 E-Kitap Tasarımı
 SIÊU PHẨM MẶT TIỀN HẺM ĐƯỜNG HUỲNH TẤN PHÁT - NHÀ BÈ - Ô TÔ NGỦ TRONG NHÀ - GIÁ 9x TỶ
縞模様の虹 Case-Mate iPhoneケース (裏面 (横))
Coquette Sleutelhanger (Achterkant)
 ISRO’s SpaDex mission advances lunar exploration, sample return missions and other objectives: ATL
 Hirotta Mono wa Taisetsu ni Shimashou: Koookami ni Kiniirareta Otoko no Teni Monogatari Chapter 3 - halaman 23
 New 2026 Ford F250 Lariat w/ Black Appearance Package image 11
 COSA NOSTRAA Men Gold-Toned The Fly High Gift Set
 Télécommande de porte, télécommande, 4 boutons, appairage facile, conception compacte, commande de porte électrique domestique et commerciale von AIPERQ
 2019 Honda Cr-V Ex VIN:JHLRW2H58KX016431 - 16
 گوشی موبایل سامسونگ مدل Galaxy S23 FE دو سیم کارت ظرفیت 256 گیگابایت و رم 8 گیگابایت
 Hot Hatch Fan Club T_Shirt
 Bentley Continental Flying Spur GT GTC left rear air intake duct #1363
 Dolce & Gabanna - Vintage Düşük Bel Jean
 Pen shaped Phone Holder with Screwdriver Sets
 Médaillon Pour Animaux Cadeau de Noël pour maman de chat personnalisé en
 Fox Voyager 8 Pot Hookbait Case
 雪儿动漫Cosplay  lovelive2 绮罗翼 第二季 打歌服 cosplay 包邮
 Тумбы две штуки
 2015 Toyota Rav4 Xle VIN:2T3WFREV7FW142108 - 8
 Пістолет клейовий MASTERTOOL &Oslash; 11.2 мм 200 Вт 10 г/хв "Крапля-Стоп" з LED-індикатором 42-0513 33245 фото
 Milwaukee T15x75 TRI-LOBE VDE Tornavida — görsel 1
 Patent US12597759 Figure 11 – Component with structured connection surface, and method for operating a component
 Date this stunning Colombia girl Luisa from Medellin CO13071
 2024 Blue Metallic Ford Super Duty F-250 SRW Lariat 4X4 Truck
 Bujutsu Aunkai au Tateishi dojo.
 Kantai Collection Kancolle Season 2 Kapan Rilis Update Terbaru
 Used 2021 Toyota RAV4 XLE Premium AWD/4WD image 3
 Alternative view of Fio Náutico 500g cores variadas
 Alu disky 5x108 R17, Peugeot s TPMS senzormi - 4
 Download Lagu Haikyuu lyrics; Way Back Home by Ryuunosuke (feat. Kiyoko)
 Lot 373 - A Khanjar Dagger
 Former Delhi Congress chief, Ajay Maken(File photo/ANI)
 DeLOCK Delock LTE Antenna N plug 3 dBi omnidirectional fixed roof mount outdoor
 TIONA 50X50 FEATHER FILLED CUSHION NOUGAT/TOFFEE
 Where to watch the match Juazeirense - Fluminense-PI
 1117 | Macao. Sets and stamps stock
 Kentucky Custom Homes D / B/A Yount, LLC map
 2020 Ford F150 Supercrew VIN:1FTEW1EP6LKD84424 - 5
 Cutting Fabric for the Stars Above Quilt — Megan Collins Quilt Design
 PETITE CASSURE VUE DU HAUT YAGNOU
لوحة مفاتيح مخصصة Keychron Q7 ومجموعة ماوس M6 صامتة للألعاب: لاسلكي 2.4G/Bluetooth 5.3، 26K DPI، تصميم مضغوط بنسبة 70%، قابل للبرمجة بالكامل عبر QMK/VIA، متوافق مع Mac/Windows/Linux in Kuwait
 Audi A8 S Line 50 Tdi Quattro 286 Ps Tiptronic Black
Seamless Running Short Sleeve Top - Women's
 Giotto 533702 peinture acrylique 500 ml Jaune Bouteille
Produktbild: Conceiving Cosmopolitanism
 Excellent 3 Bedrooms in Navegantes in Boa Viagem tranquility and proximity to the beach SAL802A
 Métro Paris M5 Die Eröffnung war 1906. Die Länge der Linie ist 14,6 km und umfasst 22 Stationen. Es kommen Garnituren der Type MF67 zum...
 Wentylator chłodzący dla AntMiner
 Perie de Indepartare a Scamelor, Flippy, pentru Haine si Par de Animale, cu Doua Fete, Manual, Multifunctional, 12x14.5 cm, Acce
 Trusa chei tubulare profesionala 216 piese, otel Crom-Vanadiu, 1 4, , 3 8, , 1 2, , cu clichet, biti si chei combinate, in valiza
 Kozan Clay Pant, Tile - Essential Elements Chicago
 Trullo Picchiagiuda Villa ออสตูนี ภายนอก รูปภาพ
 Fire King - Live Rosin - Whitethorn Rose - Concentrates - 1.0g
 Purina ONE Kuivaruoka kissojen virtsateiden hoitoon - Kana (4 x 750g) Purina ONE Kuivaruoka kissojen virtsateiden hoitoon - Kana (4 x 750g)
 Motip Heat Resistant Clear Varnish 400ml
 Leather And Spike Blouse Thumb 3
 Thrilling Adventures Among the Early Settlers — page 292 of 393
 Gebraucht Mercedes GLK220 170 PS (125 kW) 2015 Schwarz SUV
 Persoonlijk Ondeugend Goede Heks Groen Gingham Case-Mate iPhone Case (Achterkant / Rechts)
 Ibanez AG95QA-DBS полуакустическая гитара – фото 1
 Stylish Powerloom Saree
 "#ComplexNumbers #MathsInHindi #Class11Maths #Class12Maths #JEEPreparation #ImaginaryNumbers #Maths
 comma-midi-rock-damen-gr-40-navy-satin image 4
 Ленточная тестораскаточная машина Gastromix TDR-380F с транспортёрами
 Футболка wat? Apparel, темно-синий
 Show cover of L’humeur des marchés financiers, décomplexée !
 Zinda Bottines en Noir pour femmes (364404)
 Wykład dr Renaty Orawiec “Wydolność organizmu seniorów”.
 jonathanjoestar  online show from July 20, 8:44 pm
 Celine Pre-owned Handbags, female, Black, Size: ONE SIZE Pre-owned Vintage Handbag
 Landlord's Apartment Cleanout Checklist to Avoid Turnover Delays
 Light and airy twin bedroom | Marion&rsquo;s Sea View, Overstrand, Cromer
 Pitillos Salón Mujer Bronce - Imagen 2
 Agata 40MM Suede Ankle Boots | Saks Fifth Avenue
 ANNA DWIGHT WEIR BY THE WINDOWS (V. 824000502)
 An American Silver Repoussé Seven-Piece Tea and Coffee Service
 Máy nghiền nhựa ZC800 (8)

· · · · ·

EXERCISE AIM. Set down again, word for word, the stretch of records from the line with "Kentucky Custom Homes D / B/A Yount, LLC map" to the line with "Seamless Running Short Sleeve Top - Women's", both of those lines included.

FINISHED TASK.
 Kentucky Custom Homes D / B/A Yount, LLC map
 2020 Ford F150 Supercrew VIN:1FTEW1EP6LKD84424 - 5
 Cutting Fabric for the Stars Above Quilt — Megan Collins Quilt Design
 PETITE CASSURE VUE DU HAUT YAGNOU
لوحة مفاتيح مخصصة Keychron Q7 ومجموعة ماوس M6 صامتة للألعاب: لاسلكي 2.4G/Bluetooth 5.3، 26K DPI، تصميم مضغوط بنسبة 70%، قابل للبرمجة بالكامل عبر QMK/VIA، متوافق مع Mac/Windows/Linux in Kuwait
 Audi A8 S Line 50 Tdi Quattro 286 Ps Tiptronic Black
Seamless Running Short Sleeve Top - Women's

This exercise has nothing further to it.